- [INFORMATION SUPPLIED]:
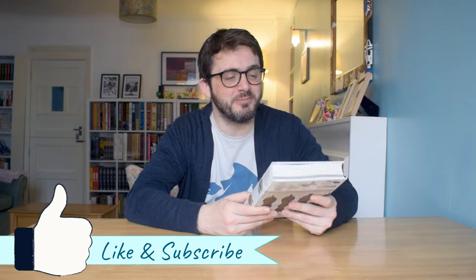Hello and welcome to Off My Shelves. In this episode we're going to be looking at Cats of the Louvre by Tayo Matsumoto. This was a total blind buy for me.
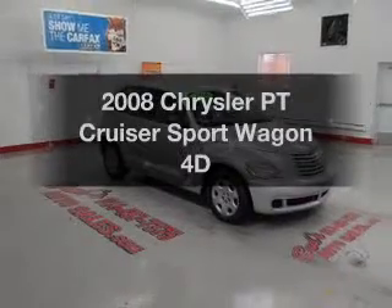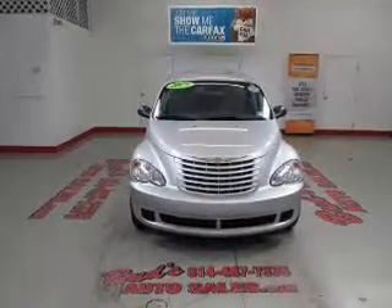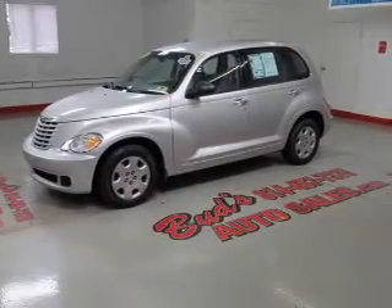Get noticed in this 2008 Chrysler PT Cruiser. Travel the roads in style and comfort in this great vehicle, with a reliable engine connected to a smooth shifting automatic transmission. Premium wheels give a more luxurious look.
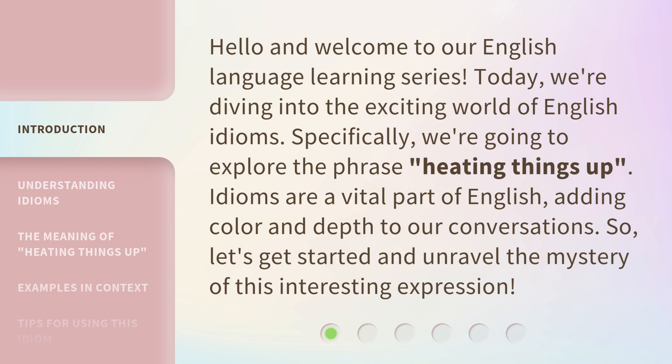Idioms are a vital part of English, adding color and depth to our conversations. So, let's get started and unravel the mystery of this interesting expression.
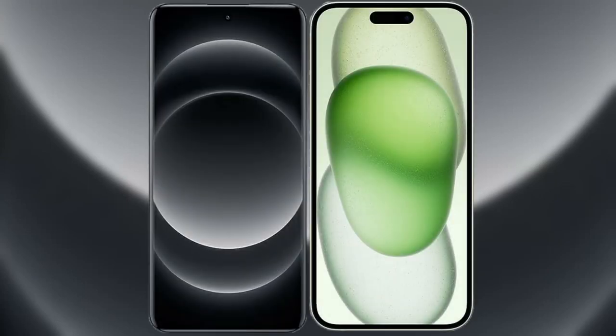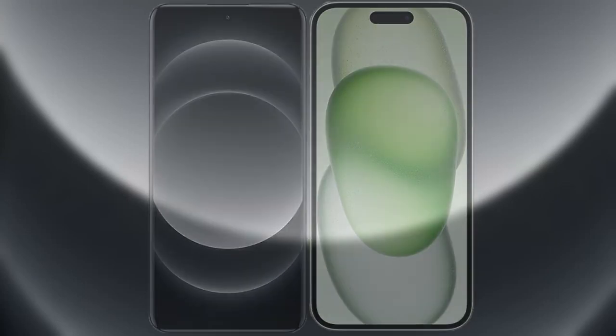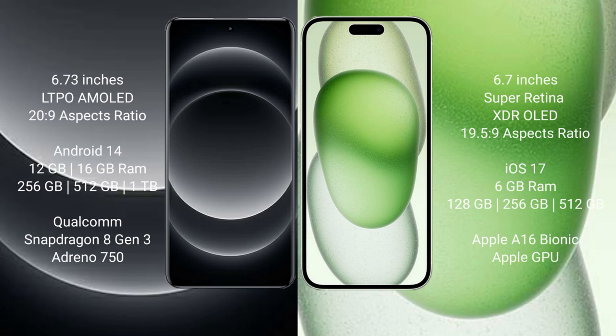I will compare the new Xiaomi 14 Ultra with iPhone 15 Plus. Xiaomi 14 Ultra comes with a 6.73-inch LTPO AMOLED display. iPhone 15 Plus comes with a 6.7-inch Super Retina XDR OLED display.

- [WORK ORDER]:
Pictures stay out of this copy. Retype exactly the lines from the one with "Idioms are a" through the last line of the data, both ends included, and nothing more.

- [YOUR RESPONSE]:
Idioms are a vital part of English, adding color and depth to our conversations. So, let's get started and unravel the mystery of this interesting expression.
I will compare the new Xiaomi 14 Ultra with iPhone 15 Plus. Xiaomi 14 Ultra comes with a 6.73-inch LTPO AMOLED display. iPhone 15 Plus comes with a 6.7-inch Super Retina XDR OLED display.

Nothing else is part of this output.